Inpassing gebouw en instandhouding bomen
  • Daarnaast wordt aangevoerd dat de bomen gelet op de omvang van het gebouw óf zo fors gesnoeid moeten worden dat zij dat niet overleven óf met redelijke overlevingskans beperkt gesnoeid worden, maar schuren tegen de zuidgevel. Uit de Visual Tree Assessment komt naar voren dat de bestaande bomen ten behoeve van instandhouding gesnoeid moeten worden. Om ook op lange termijn voldoende groeiplaats te hebben voor bomen van de eerste orde (grootste soorten) is een radius van 7 meter aangehouden voor bestaande en nieuwe bomen. Met dit uitgangspunt ontstaat ruimte voor zowel de gewenste groenstructuur als voor het gewenste bouwprogramma.

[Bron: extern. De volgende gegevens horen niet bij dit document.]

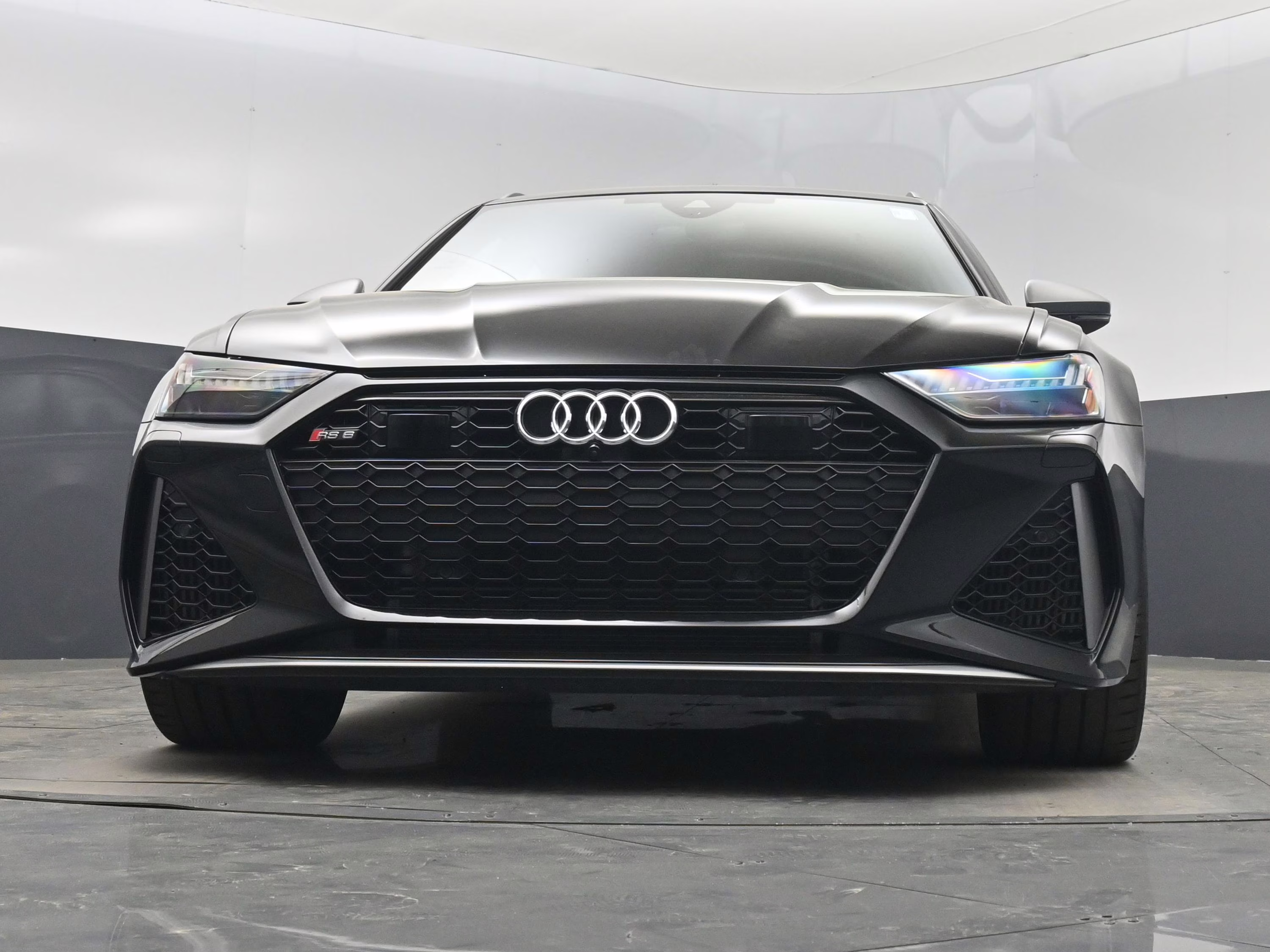 2026 Black Audi RS 6 Avant performance 4.0T AWD Crossover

  • Kijken we nauwkeurig naar het huidige ontwerp dan zijn er twee bomen die substantieel teruggesnoeid zullen moeten worden om ruimte te maken voor het gebouw. Eén van beiden heeft echte honingzwam aan de stamvoet. Echte honingzwam heeft de eigenschap wortel- en houtrot te veroorzaken waardoor er op den duur een verhoogd risico op windworp of stambreuk ontstaat. In dat geval gaat de discussie nog om één boom.
  • Verder wordt betoogd dat het plan te krap zou zijn voor het beschikbare stuk grond. De inpassing van het plan is beoordeeld door een stedenbouwkundige en door een stedenbouwkundige ingepast in het stedenbouwkundig plan. Hiermee staat voldoende vast dat ruimte bestaat voor inpassing van het complex. En er zijn zowel in de gemeente zelf als in de omgeving voldoende voorbeelden te vinden van vergelijkbare – vaak veel hogere en dichter bij de randweg gelegen – bebouwing.